Dating and finding the 'one' seems like a never-ending search that drains us from energy and the lust to even continue. I'm laying in my bed at home and exploring the internet, and while I'm doing so, I fall over John Gray's 5 steps dating guidelines. He wrote 'Men are from mars, women are from Venus’ 20 years ago and his book ’Mars and Venus on a date’ is still very accurate.
This is the first step when you meet someone for the first time. We find ourselves being attracted and hoping that the feelings in this step are mutual. We are attracted to the first impression and the physical of our potential partner.
At this stage the thoughts of being uncertain about our feelings towards our partner are replacing our feelings of being attracted to the person. You will question your partner by questioning if this is the right person for you, does he even live up to the person I picture myself be with? Does he even want to be with me? At this stage is becomes easy for the man to jump from partner to partner, and the women to invest more into the relationship than what he is willing to invest. Will the grass be greener on the other side?

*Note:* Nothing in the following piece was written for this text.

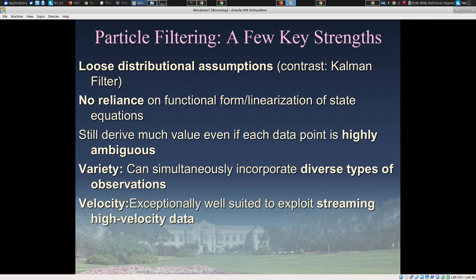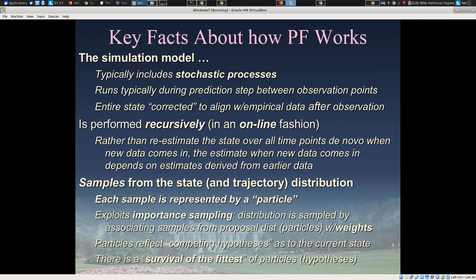The techniques we're talking about today — particle filtering — are much more powerful but more computationally demanding. Particle filtering doesn't have any requirement for linearization, which is extremely important because it means we can use it with agent-based models and discrete event simulation models, without depending on having a system specified in a fashion that can be linearized mathematically. These techniques can incorporate diverse types of information and are especially well-suited to high-velocity streaming data.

At this stage both partners have taken the decision of continuing the relationship and to commit. This creates a mutually loving and romantic relationship between the two and a sense of security.
At this point real intimacy is being explored and we put our guards down. The partners will start to explore each others sexuality and intimacy.
The last step is the last stage of the relationship were you have committed to your partner and a lifelong relationship can be built.
Today the relationship often starts at step 1, jumps to step 4, back to step 2 and step 3 is at this point completely out of the picture. John Gray stated that every step has to go naturally and not rushed, in order the build a strong foundation and lasting relationship. How many times has it not happened that you meet someone and then took an intimate step, looked back and regretting the action, since the action has taken away the exclusivity, leaving the relationship with a shitty vibe that actually could have become something much bigger. I personally find Gray’s 5 steps so accurate. It is so important to get to know your partner before taking the step of becoming intimate. In my opinion you cant give the entire map of how you work and your body at once, but small hits and leads will make the relationship interesting and not so rushed. Furthermore, when reaching the intimacy step, the attraction and eager to ’have’ you will be much more, because your partner has developed genuine feelings towards you. And so have to you.
Hahaha while writing this i started to laugh to myself. I think that it is sort of ironic that i have all these opinions but still, i have not been taken out on a date date. I often hear that going on dates are still happen, but here hahaha dates never really happen. It is so sad.